## [Supplied data]
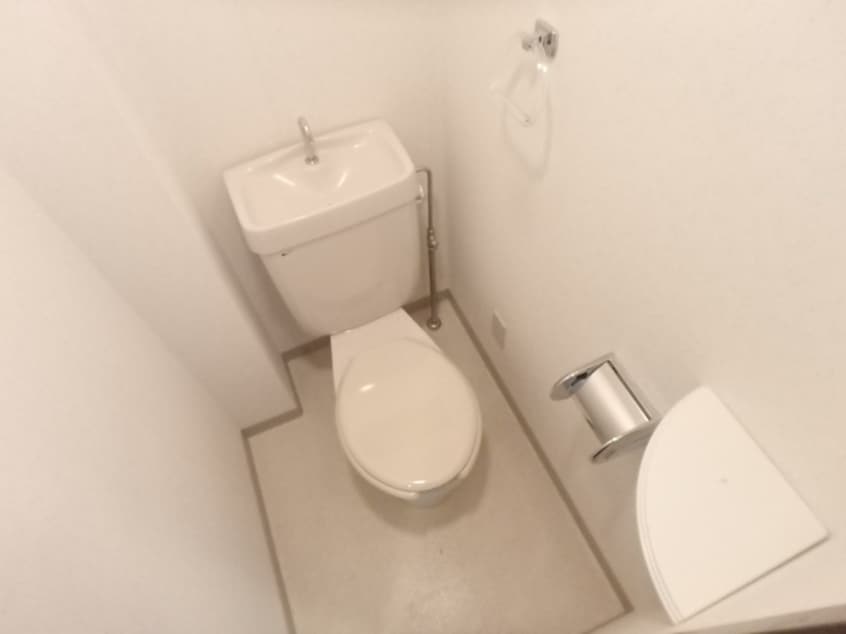 トイレ ハイツフォーシーズンズ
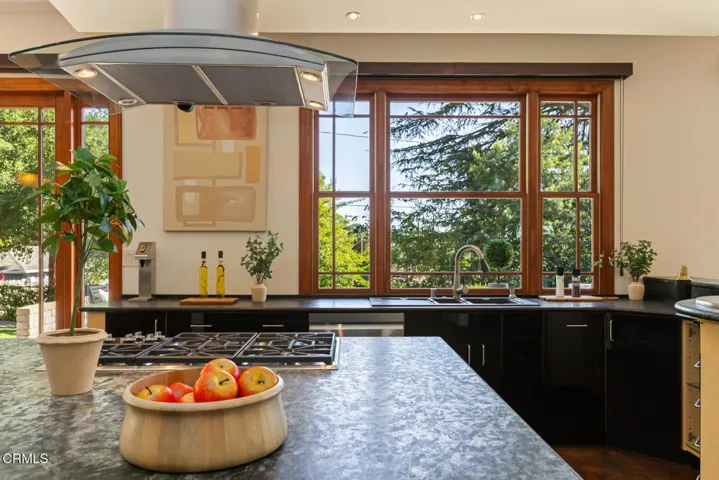 2136SunnybankDr-67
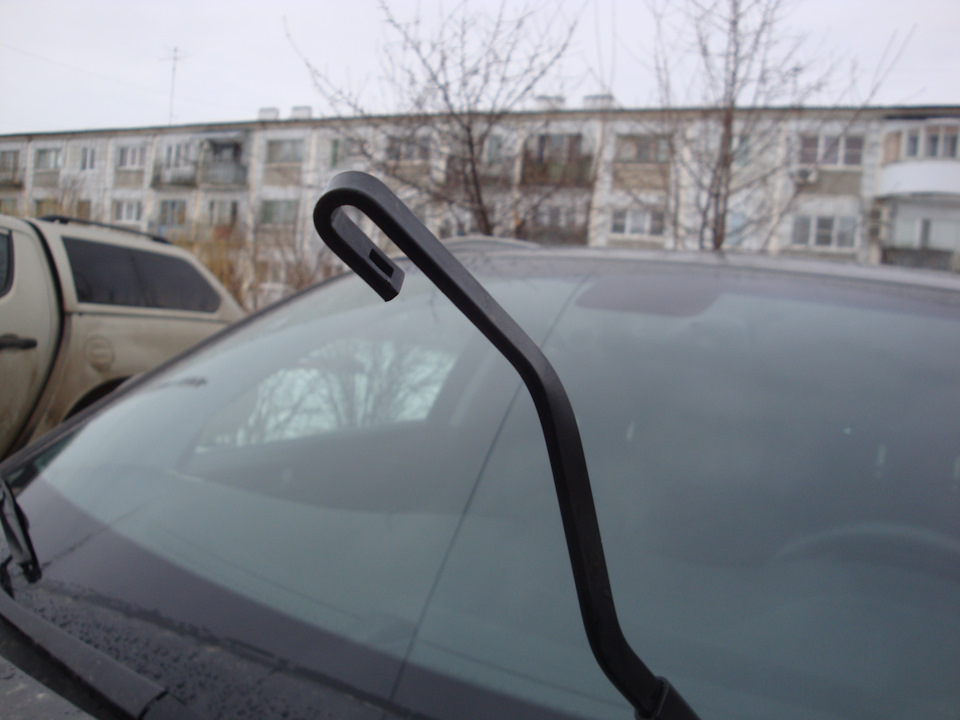 Крючок). — Hyundai Tucson (TL)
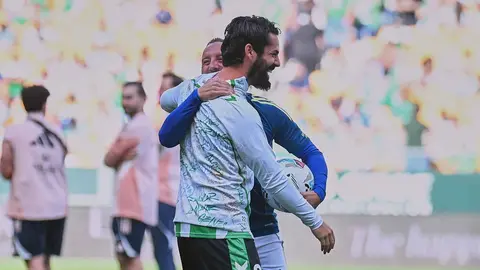 Isco y Santi Cazorla en el Real Betis - Real Oviedo | @RealBetis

## [Instructions for the task]
Word for word, restate every line of the listing, omitting the pictures.

## [Written reply]
 トイレ ハイツフォーシーズンズ
 2136SunnybankDr-67
 Крючок). — Hyundai Tucson (TL)
 Isco y Santi Cazorla en el Real Betis - Real Oviedo | @RealBetis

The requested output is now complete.